## INPUT
• • • • •
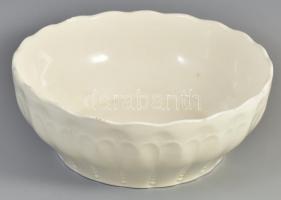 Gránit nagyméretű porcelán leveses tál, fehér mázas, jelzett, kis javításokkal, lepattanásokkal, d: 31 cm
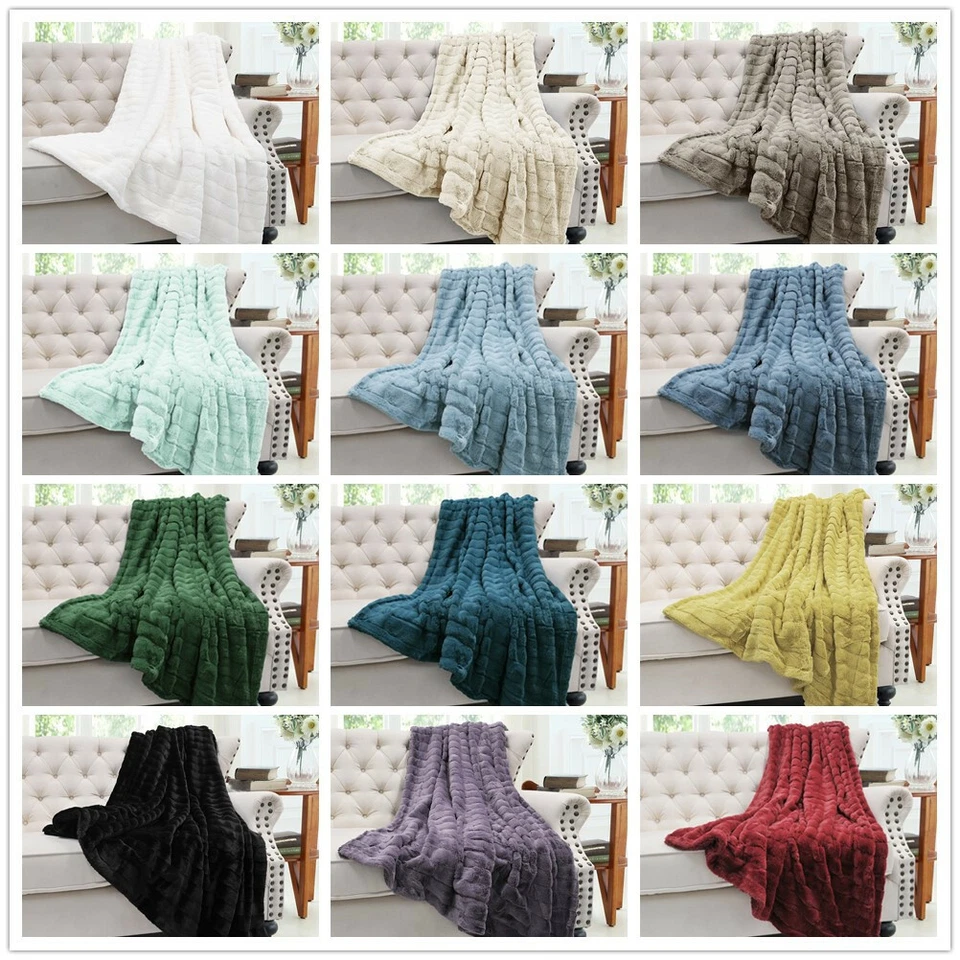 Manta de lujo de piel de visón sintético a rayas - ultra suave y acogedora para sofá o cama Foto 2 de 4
• • • • •
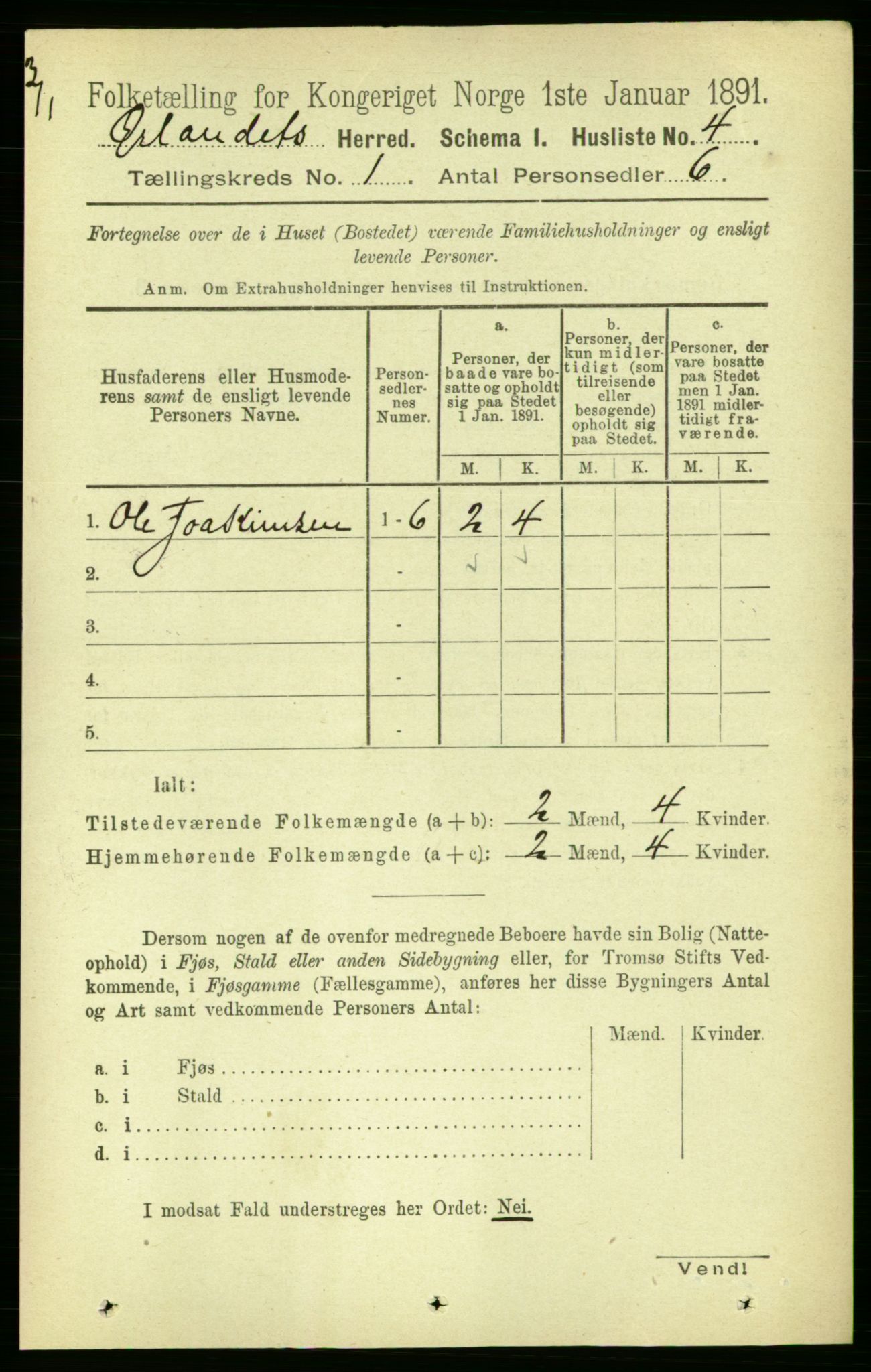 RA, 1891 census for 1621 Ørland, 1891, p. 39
• • • • •
## REQUIREMENT
Would you print exactly the lines in the listing above, from the line bearing "Gránit nagyméretű porcelán" through the line bearing "Manta de lujo", leaving out all pictures?

## WORKED SOLUTION
 Gránit nagyméretű porcelán leveses tál, fehér mázas, jelzett, kis javításokkal, lepattanásokkal, d: 31 cm
 Manta de lujo de piel de visón sintético a rayas - ultra suave y acogedora para sofá o cama Foto 2 de 4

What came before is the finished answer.